Fase sensori motor dimulai dengan gerakan-gerakan reflek yang dimiliki anak sejak ia dilahirkan. Fase ini berakhir pada usia 2 tahun. Pada masa ini, anak mulai membangun pemahaman tentang lingkungannya melalui kegiatan sensorimotor, seperti menggenggam, menghisap, melihat, melempar, dan secara perlahan ia mulai menyadari bahwa suatu benda tidak menyatu dengan lingkungannya atau dapat dipisahkan dari lingkungan di mana benda itu berada. Selanjutnya ia mulai belajar bahwa benda-benda itu memiliki sifat-sifat khusus. Keadaan ini mengandung arti bahwa anak telah mulai membangun pemahamannya terhadap aspek – aspek yang berkaitan dengan hubungan kuasalitas, bentuk dan ukuran, sebagai hasil pemahamannya terhadap aktivitas sensorimotor yang dilakukannya.
Pada akhir usia 2 tahun anak sudah menguasai pola –pola sensorimotor yang bersifat kompleks bagaimana cara mendapatklan benda yang diinginkannya (menarik, menggenggam atau meminta), menggunakan suatu benda dengan tujuan yang berbeda.

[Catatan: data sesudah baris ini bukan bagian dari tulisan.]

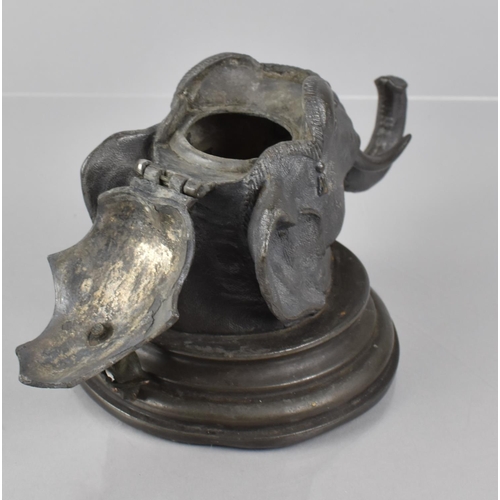 81 - A Victorian Pewter Desk Inkwell in the Form of an Indian Elephant Head with Flute Playing Monkey Fin...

Dengan benda yang ada di tangannya, ia melakukan satu benda dengan tujuan yang berbeda. Dengan benda yang ada di tangngannya, ia melakukan apa yang diinginkanya. Kemampuan ini merupakan awal kemampuan berpikir secara simbolik, yaitu kemampuan untuk memikirkan suatu objek tanpa kehadiran objek tersebut secara empiirik.
2. Tahap pra operasional (18 bulan – 6/7 tahun)

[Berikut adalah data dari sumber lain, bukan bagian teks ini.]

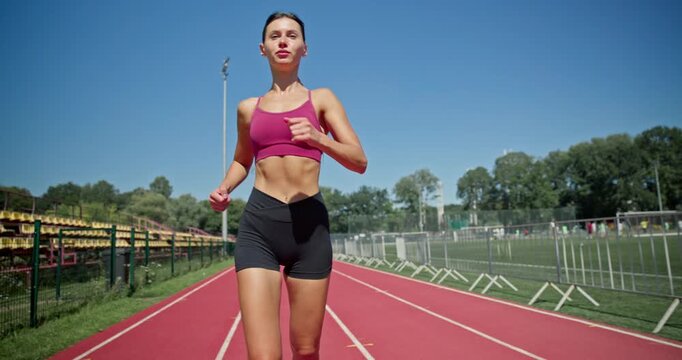 Young athletic girl in sportswear preparing for training at the stadium, warming up and running on the running tracks on a sunny summer day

Pada tahap ini pemikiran anak masih didominasi oleh hal-hal yang berkaitan dengan aktivitas fisik dan persepsinya sendiri, sekalipun tidak selalu apa yang ada dalam pikirannya ditampilkan lewat tingkah laku nyata seperti pada periode sebelumnya. Menurut Siti Rahayu Haditono (1982), stadium pra operasional dimulai dengan penguasaan bahasa yang sistematis, permainan simbolik, imitasi, serta bayangan dalam mental. Semua proses ini menunjukkan bahwa anak sudah mampu untuk melakukan tingkah laku simbolik.
Usia 18 – 24 bulan ditandai dengan internalized thought. Pada tahap ini anak mulanya memecahkan masalah dengan memikirkannya terlebih dahulu melalui kesan mental (mental image). Mereka dapat belajar meniru perilaku orang lain.
Outcome perkembangan kognitif dan belajar anak usia 6 tahun antara lain:
- Mengenali warna-warna (minimal 6 warna)
- Mengenal bentuk-bentuk geometri (minimal 6 bentuk)
- Memahami dimensi dan hubungan (seperti atas bawah, dalam luar, depan belakang) dan waktu yang berbeda (pagi, sore, siang, malam)
- Memahami perbedaan ukuran (besar kecil, pendek tinggi, tipis tebal, lebar sempit)
- Memahami konsep sains sederhana (contoh: apa yang terjadi jika warna dicampur)
- Memahami perbedaan rasa (manis, asam, pahit, pedas, asin)
- Memahami perbedaan bau/aroma (harum, wangi, apek, busuk)
- Dapat mengekspresikan pikiran dan ide
- Dapat membedakan antara laki-laki dan perempuan
- Dapat bernyanyi
- Senang bertanya
- Memahami angka dan bisa menghitung angka (minimal sampai 10)
- Dapat menggambar sederhana
- Dapat menulis kata-kata sederhana
- Dapat membuat kalimat sederhana
- Dapat bermain pura-pura
- Memahami fungsi uang
3. Tahap operasional kongkret (8 - 12 tahun)
Pada tahapan ini yang dapat dipikirkan oleh anak masih terbatas pada benda-benda kongkret yang dapat dilihat dan diraba, benda-benda yang tidak jelas, yang tidak tampak dalam kenyataan masih sulit dipikirkan oleh anak. Kesulitan matematika karena upaya untuk mengajarkan anak yang masih dalam tahapan operasi kongkret dengan materi yang abstrak.
4. Tahap operasional formal (diatas 12 tahun)
Dalam tahap ini anak mampu mempertimbangkan semua kemungkinan dalam memecahkan masalah dan mampu menalar atas dasar hipotesis dan dalil.Dampaknya anak dapat meninjau masalah dari berbagai faktor saat memecahkan masalah.Pemikiran anak menjadi lebih kongkrit dan fleksibel dan mereka mampu menggabungkan informasi dari sejumlah sumber yang berbeda.